8 Then Boaz said to Ruth, “[f]Listen carefully, my daughter. Do not go to glean in another field; furthermore, do not go on from this one, but stay here with my maids. 9 Let your eyes be on the field which they reap, and go after them. Indeed, I have commanded the servants not to touch you. When you are thirsty, go to the [g]water jars and drink from what the servants draw.” 10 Then she fell on her face, bowing to the ground and said to him, “Why have I found favor in your sight that you should take notice of me, since I am a foreigner?” 11 Boaz replied to her, “All that you have done for your mother-in-law after the death of your husband has been fully reported to me, and how you left your father and your mother and the land of your birth, and came to a people that you did not previously know. 12 May the Lord reward your work, and your wages be full from the Lord, the God of Israel, under whose wings you have come to seek refuge.” 13 Then she said, “I have found favor in your sight, my lord, for you have comforted me and indeed have spoken [h]kindly to your maidservant, though I am not like one of your maidservants.”
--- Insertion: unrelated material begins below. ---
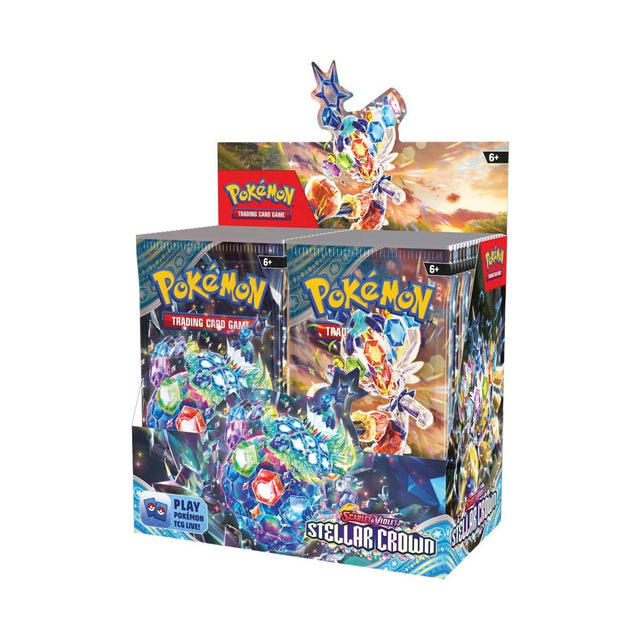 Pokemon Stellar Crown Booster Box with colorful packaging and multiple booster packs displayed in a row.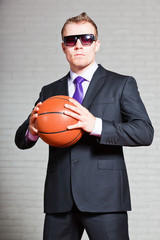 Angry business man with basketball. Wearing dark sunglasses.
In the very first verse we find that Boaz was very wealthy. Boaz understood something very important about those blessings. They were not meant to be hoarded, but to be shared.
When we are blessed, it is not for us alone. God created us to have relationships, and part of that relational nature includes sharing our sorrow and our blessings.
A hoarded blessing ceases to be a blessing and will instead become a curse. Elsewhere we see the idea of a cup of blessing running over. For what purpose does it run over? To spill on the ground and be wasted?
No, the cup runs over to be shared with those who do not have full cups (or perhaps empty cups). When you are blessed, look first at how you can share it. Only then can you safely look at how to benefit from it yourself.